How to achieve high availability and performance in middleware?

= ability of the system to scale dynamically when the input load changes
- the users should not feel any changes
horizontal X vertical scaling
also the network bandwidth is important
- it does not matter if I have X servers, if the network bandwidth is slow → it’s still slow for users
- we can reduce the network usage by caching

SLA = Service Level Agreement = guarantee of service availability
to be available means that the server instance fail does not affect the application availability and performance
- if it fails, the copy of the failed object should finish the job
  - the copy has to be available
  - the processing state has to be replicated
- this is called Application failover
if a server instance fails, the operation should continue on another instance
- therefore, the processing state has to be replicated

clients want the fastest response time
- achieved throught caching, good configuration of middleware/service and asychronous handling of CPU intensive tasks
QPS = queries per second, performance metric
- it’s good to be cached
it needs to be properly monitored (part of DevOps) and tuned
- tuning is based on collected, filtered, stored and presented data about the performance
  - from the application server, DB, OS etc. (has many utilities for monitoring)
- we can use commercial solutions
- open source examples: Elasticstack

Load balancing

load balancers distribute a load to multiple apps/object instances (they often run on different servers and they can share the load equally/with preferences)
load balancer also checks the health of different app instances
there could be software and hardware load balancers
how to select the server?
- round robin
- with least active connections
- with least average response time (e.g. to receive the response header/receive the full response body)
- hash from the IP or any arbitrary element determines the server
there could be a limit on the maximum number of connections for each server
- additional requests are in the queue
server slow-start - do not send a full load of request to the server, when it’s still recovering to avoid time outs

a DNS record (e.g. some website) has multiple IP addresses assigned to it (e.g. multiple servers) and the LB distributes the requests based on Round Robin algorithm
pros
- very simple to implement
cons
- no health checks (on the load or health)
- cached IP addresses take long to be completely reassigned

uses Reverse proxy, to assign requests to more servers
- clients don’t know the IP addresses of the servers, they are “behind” the LB
performs health checks
- one negative health check does not mean the instance is unhealthy
  - has to be a defined threshold of consecutive negative health checks to remove the server from the active servers list
HTTP sticky sessions
- some servers have some sessions for current users and it’s good to send those user’s requests to the same servers (to use to session data)
- Session
- 2 options:
  - passive cookie persistence - LB uses the Cookie from the server
  - active cookie persistence - LB adds it’s own Cookie
    - sticky cookie = the cookie added by the LB (it scans the requests and responses)

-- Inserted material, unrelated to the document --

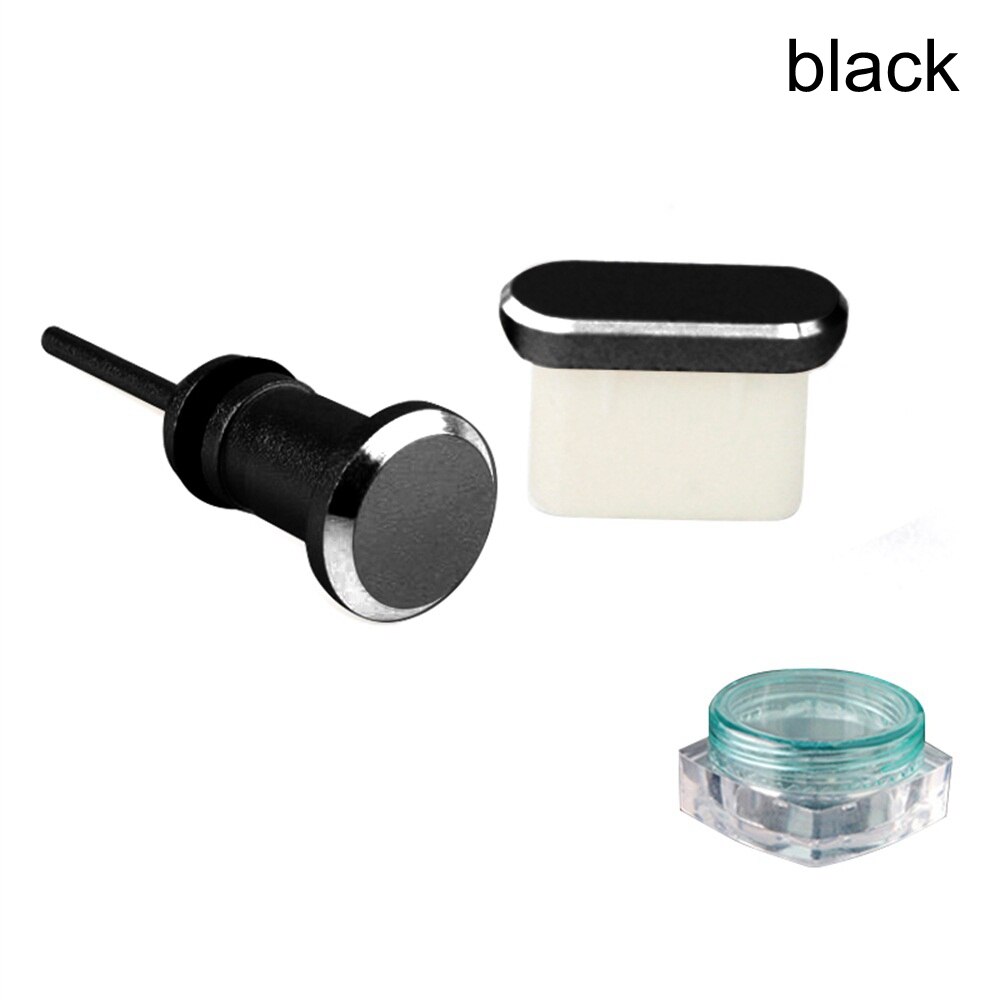 Type C Charging Port Earphone Dust Plug 3.5mm Jack Interface Mobile Phone Card Retrieve Card Pin For Samsung Oneplus Huawei: black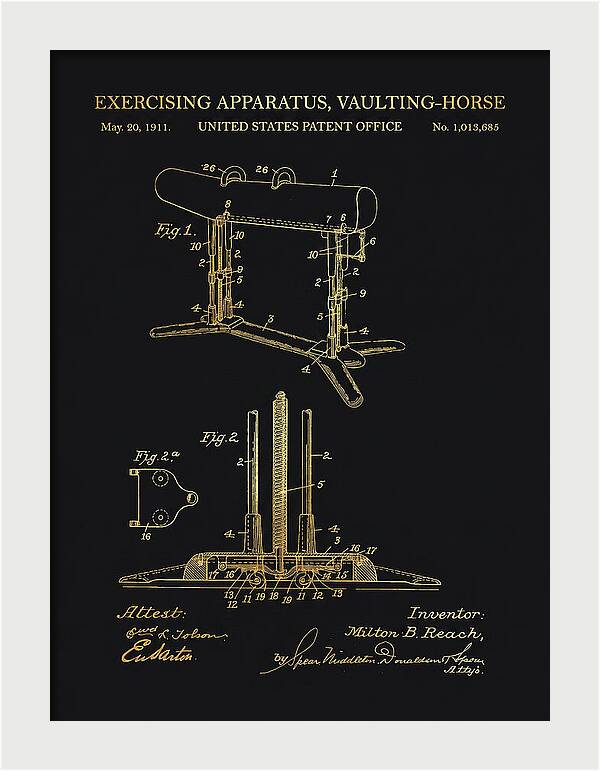 Exercising Apparatus, Vaulting Horse Gold Patent Us1013685a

Session is persistently in the DB
- Sticky HTTP session is not required (as all servers have access to the Session data)
Session is in the In-memory of one of the servers
- The primary servers holds the session data in the memory, the secondary server holds its replica
- The Cookie contains all information about the primary/secondary servers + the location in the memory of the primary server
- the LB redirects according to the information in the session (to primary, if unhealthy, to secondary, if unhealthy, to any other server - but the session information is lost (side effects))